◆ **TASK DETAILS**: Character for character, write out the data below.

- - -

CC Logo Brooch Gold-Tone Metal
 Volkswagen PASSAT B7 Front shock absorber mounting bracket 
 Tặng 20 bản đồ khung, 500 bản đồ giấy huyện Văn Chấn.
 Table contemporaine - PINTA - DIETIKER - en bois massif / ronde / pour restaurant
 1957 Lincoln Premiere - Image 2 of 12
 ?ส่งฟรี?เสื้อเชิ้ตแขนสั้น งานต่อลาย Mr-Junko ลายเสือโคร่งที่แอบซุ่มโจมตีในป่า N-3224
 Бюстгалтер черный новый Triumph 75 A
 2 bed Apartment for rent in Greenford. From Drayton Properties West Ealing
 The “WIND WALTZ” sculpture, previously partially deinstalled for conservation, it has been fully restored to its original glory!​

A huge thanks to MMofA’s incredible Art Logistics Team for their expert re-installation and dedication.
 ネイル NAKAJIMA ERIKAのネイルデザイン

- - -

◆ **ANSWER AREA**:
CC Logo Brooch Gold-Tone Metal
 Volkswagen PASSAT B7 Front shock absorber mounting bracket 
 Tặng 20 bản đồ khung, 500 bản đồ giấy huyện Văn Chấn.
 Table contemporaine - PINTA - DIETIKER - en bois massif / ronde / pour restaurant
 1957 Lincoln Premiere - Image 2 of 12
 ?ส่งฟรี?เสื้อเชิ้ตแขนสั้น งานต่อลาย Mr-Junko ลายเสือโคร่งที่แอบซุ่มโจมตีในป่า N-3224
 Бюстгалтер черный новый Triumph 75 A
 2 bed Apartment for rent in Greenford. From Drayton Properties West Ealing
 The “WIND WALTZ” sculpture, previously partially deinstalled for conservation, it has been fully restored to its original glory!​

A huge thanks to MMofA’s incredible Art Logistics Team for their expert re-installation and dedication.
 ネイル NAKAJIMA ERIKAのネイルデザイン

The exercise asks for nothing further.